19Alzo is een man, die zijn naaste bedriegt, en zegt: Jok ik er niet mede?
 Jok ik Hebreeuws, ben ik niet jokkende, of gekkende? Dat is, hetgeen ik gedaan heb, is niet uit moedwil en een kwaad opzet, maar uit jokkernij en genoegen, en al spelende gedaan.
20Als er geen hout is, gaat het vuur uit; en als er geen oorblazer is, wordt het gekijf gestild.
 en als er geen Vergelijk boven Pro 22:10 .
,
 oorblazer is, Zie boven Pro 16:28 .
,
 gestild Hebreeuws, zwijgt; dat is, wordt stil en houdt op. Zie van het Hebreeuwse woord Jos 10:12 .

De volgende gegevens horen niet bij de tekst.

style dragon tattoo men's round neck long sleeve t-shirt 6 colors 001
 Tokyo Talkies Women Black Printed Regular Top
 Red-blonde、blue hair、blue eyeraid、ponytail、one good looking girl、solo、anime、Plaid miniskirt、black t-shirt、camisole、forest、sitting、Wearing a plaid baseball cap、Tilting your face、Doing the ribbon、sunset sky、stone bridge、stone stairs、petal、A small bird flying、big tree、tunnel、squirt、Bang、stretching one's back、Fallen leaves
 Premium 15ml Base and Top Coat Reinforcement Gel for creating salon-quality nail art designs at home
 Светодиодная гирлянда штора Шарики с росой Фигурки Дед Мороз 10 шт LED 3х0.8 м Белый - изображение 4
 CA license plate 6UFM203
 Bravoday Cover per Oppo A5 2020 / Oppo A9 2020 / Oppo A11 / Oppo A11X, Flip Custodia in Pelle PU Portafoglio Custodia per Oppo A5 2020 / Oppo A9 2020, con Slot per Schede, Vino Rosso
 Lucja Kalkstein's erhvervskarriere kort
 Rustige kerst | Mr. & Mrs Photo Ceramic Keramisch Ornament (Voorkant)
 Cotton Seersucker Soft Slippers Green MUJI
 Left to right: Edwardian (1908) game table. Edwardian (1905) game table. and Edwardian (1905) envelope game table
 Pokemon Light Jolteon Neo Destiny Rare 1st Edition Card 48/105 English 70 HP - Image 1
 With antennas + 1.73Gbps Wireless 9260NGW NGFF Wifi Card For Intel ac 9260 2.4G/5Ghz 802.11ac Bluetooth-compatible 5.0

21De dove kool is om de vurige kool, en het hout om het vuur; alzo is een kijfachtig man, om twist te ontsteken.
 kijfachtig man, Hebreeuws, een man der kijving, of der geschillen.
22De woorden des oorblazers zijn als dergenen, die geslagen zijn, en die dalen in het binnenste des buiks.
 De woorden Zie boven Pro 18:8 , waar dezelfde spreuk met dezelfde woorden voorgesteld wordt.
23Brandende lippen, en een boos hart, zijn als een potscherf met schuim van zilver overtogen.
 Brandende Versta, de mensen, die uit vurige liefde en goede toegenegenheid schijnen te spreken, maar nochtans hun, die zij toespreken, een kwaad hart toedragen.
,
 een potscherf Hetwelk van zichzelven wel van kleine waarde is, maar van buiten door den schijn en de gelijkheid des zilvers een schonen luister geeft, die de mensen bedrieft, menende dat de potscherf, daarmede overtrokken, goed massief zilver is.
24Die haat draagt, houdt zich vreemd met zijn lippen; maar in zijn binnenste stelt hij bedrog aan.
 gelaat Dat is, veinst zich anders van buiten door zijne woorden, dan hij van binnen in zijn hart is.
,
 binnenste Dat is, in zijn hart. Zie Job 20:14 .
25Als hij met zijn stem smeekt, geloof hem niet, want zeven gruwelen zijn in zijn hart.
 hij met zijn stem Te weten de hater, van wien in vs.24 gesproken is.
,
 zeven Dat is, vele, gelijk boven vs.16 en Pro 24:16 . Zie boven Pro 6:31 .
,
 gruwelen Dat is, gruwelijke gedachten en praktijken om kwaad te doen.
26Wiens haat door bedrog bedekt is, diens boosheid zal in de gemeente geopenbaard worden.
 door bedrog Anders: [als] in een woestijn; dat is, in een plaats waar geen mens in is, die boosheid ziet of hoort.
,
 in de gemeente Dat is, openbaar voor al de wereld, hetzij in dit leven, [gelijk het dikwijls geschiedt] of immers ten jongsten dage in het algemeen oordeel, tenzij men zich bekeert.
27Die een kuil graaft, zal er in vallen, en die een steen wentelt, op hem zal hij wederkeren.
 graaft, Te weten om een ander daarin te doen vallen.
,
 hem zal hij Te weten op hem, die den steen opwaarts tegen ene hoogte gewenteld heeft, om op iemand te doen vallen.
28Een valse tong haat degenen, die zij verbrijzelt; en een gladde mond maakt omstoting.
 Een valse tong Hebreeuws, een tong der valsheid; dat is, een mens die met een valse tong omgaat.
,
 verbrijzelt; Of, verbrijzelen zal; dat is, verderven en uitroeien.
,
 gladde mond Dat is, vleiende en pluimstrijkende. Vergelijk boven Pro 5:3 , en de aantekening.
,
 omstoting Dat is, slaat een mens te gronde.